→ **TASK INSTRUCTIONS**
Restate each line of the listing exactly, without carrying over any pictures.

→ **DATA SECTION**
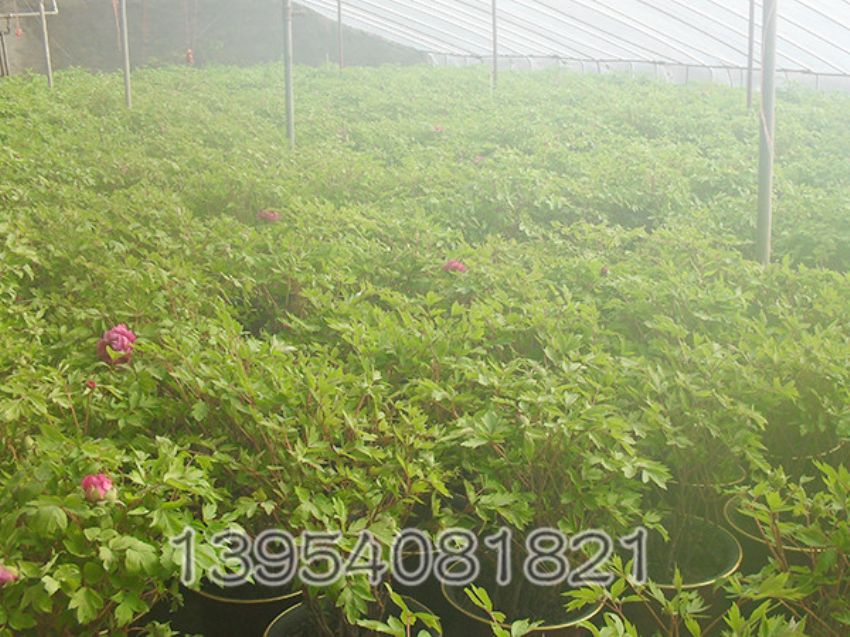 点击查看详细信息<br>标题：温室大棚催花 阅读次数：2425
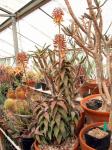 :-Aloe pearsonii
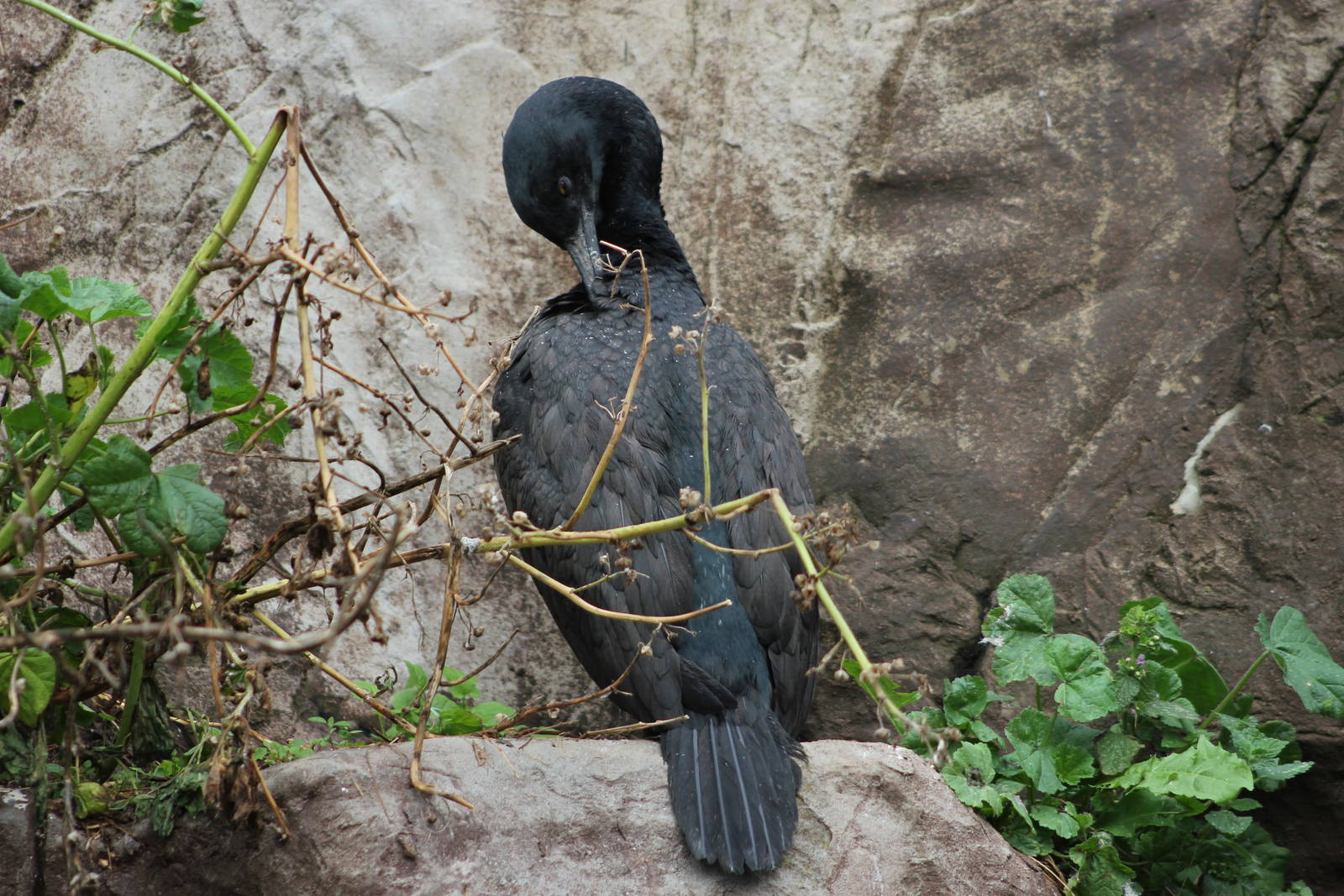 Bank cormorant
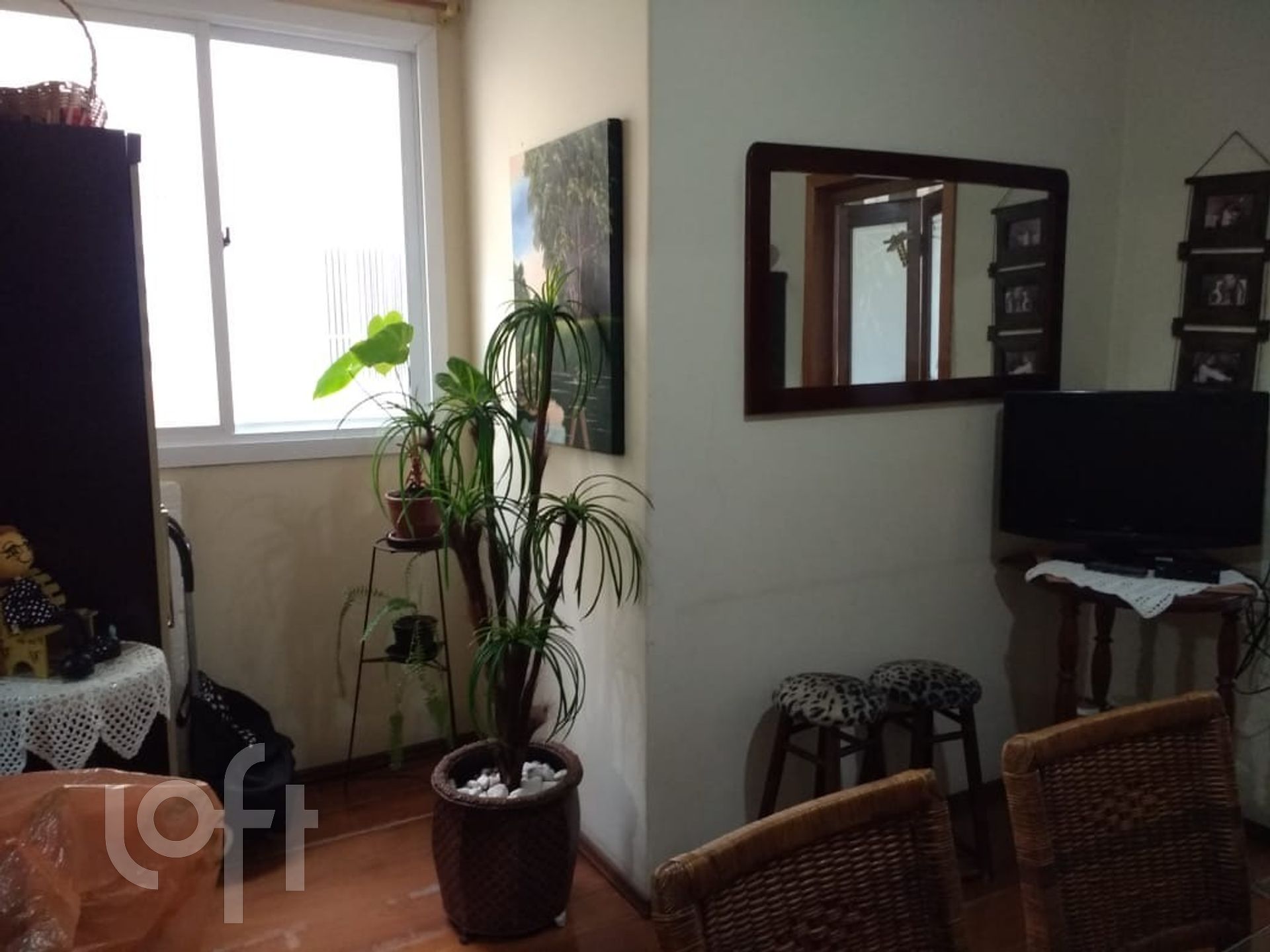 Imagem da propriedade 7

→ **YOUR SOLUTION**
 点击查看详细信息<br>标题：温室大棚催花 阅读次数：2425
 :-Aloe pearsonii
 Bank cormorant
 Imagem da propriedade 7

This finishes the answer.